The disuse of the defensive enclosure on Cornhill is our starting place. If we are correct in identifying this as a military site, it makes sense to see the slighting of London’s defences as an act of decommissioning when the army departed (p. 53). It is also likely that any pontoon bridge over the Thames would have been dismantled, allowing the redeployment of the boats involved in forward campaigns. It is hard to believe, however, that London simply ceased to exist. The strategic value of the Thames crossing was increased, not diminished, by Rome’s advance, and the bridge could have been replaced by a ferry pending more permanent arrangements.
We have no certain archaeological evidence of London in the 5 years after the conquest, but continuity of occupation is likely at late Iron Age sites in Southwark and Bermondsey. There is a suggestive concentration of early Roman military finds at 15–23 Southwark Street, and London could easily have been controlled from the south-bank in these years. 1 This would account for a higher representation of Claudian coinage in Southwark’s assemblages, as compared to sites north of the river, finding parallel in conquest-period supply ports at Fishbourne, Fingringhoe, Sea Mills, and Richborough. 2 The creeks around Southwark remained a sensible destination for shipping coming up the Thames, at a secure point for organizing the inland movement of goods and supplies. There may, however, have been a hiatus in the occupation of the Cornhill site on the north side of the river. Some temporary structures might belong to this period, such as a timber building found at the base of the archaeological sequence at 5–12 Fenchurch Street and ditches pre-dating the earliest streets at Plantation Place, but the evidence is inconclusive. 3
The streets of London
In contrast we have a more substantial body of evidence for what came next. Lacey Wallace has made a close study of the evidence for the earliest permanent settlement on the north bank. Using conservative criteria, she identified nearly 3,000 archaeological assemblages pre-dating the Boudican fire from fifty-six different sites. 4 The earliest activities were associated with clearing and draining the land, and quarrying gravel for building the first streets. These quarries were dug without regard to the needs of later users, creating a pockmarked landscape that needed landscaping and consolidation before house-building could proceed. This was a lazy choice, since it would not have been difficult to relocate quarries into areas destined for back-plots. We can conclude that the road engineers were largely indifferent to the needs of the eventual owners of properties established along these streets, suggesting that engineering took place before property interests were fixed or by powers remote from the concerns of those who settled here.

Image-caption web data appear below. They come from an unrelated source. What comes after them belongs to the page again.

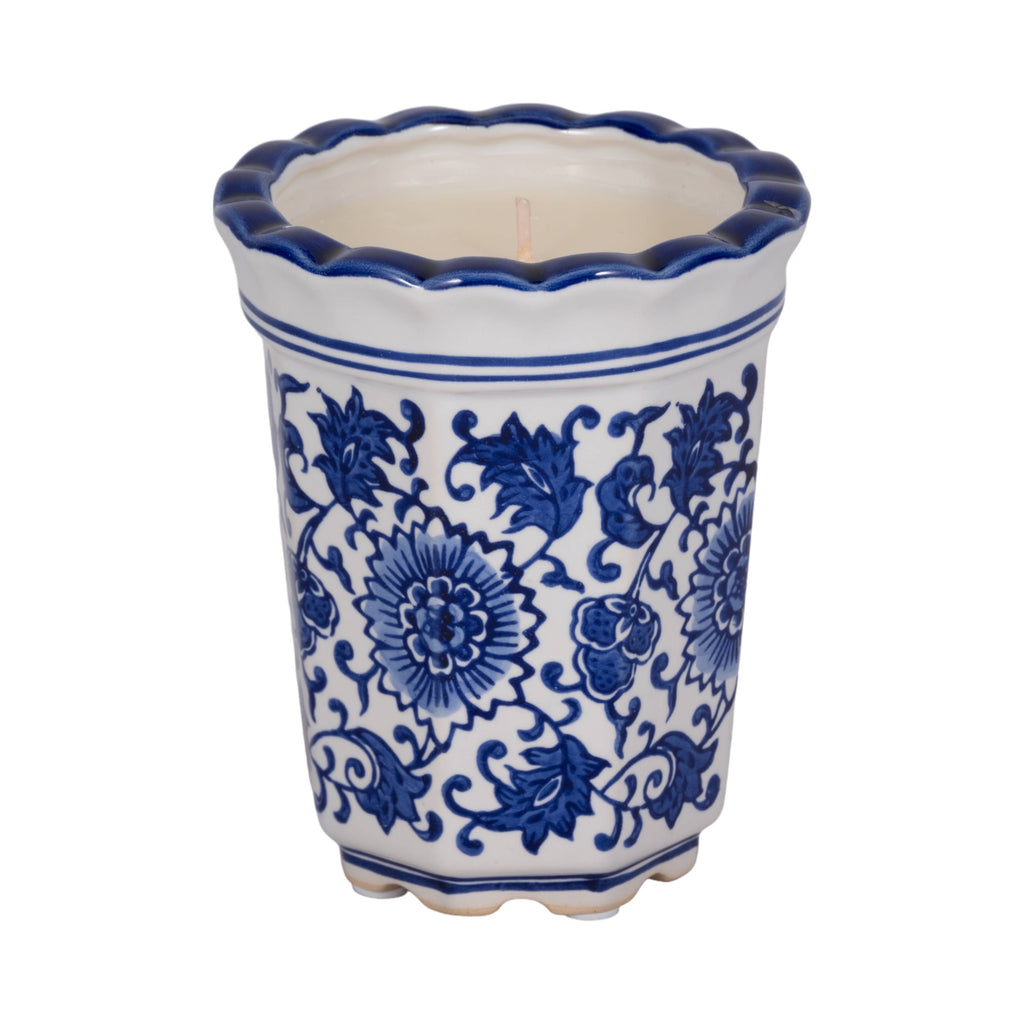 Jasmine Blue/White Ceramic Scented Candle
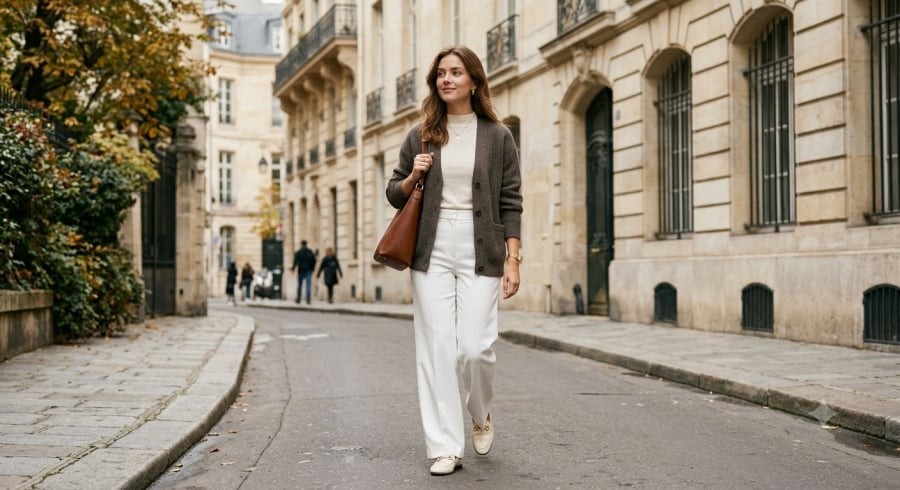 Cardigan tông xám nâu phối quần trắng tạo vẻ ngoài thanh lịch, nhẹ nhàng.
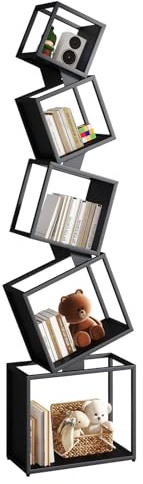 YMYNY Tree Bookshelf, 5-Cube Metal Bookcase, Narrow Corner Bookcase, Space-Saving Modern Geometric Floor Standing Shelf, 22.5 x 46 x 179.5 cm, for Living Room, Study, Bedroom, Black HBC007B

The best dating evidence for these first streets comes not from the core of the settlement, but from one of the main approach roads. Excavations at One Poultry, 50 metres west of a Walbrook crossing, found metalled surfaces of the main west road. 5 The earliest surface was laid over timber culverts that diverted water from springs rising in the Gresham Street area. These culverts were part of the primary road engineering and incorporated at least one timber felled in the winter of ad 47/48. Others felled the following spring or summer were reused in later repairs. These timbers were procured for road-building in the ad 48 construction season, presenting a credible date for the creation of London’s first permanent street system.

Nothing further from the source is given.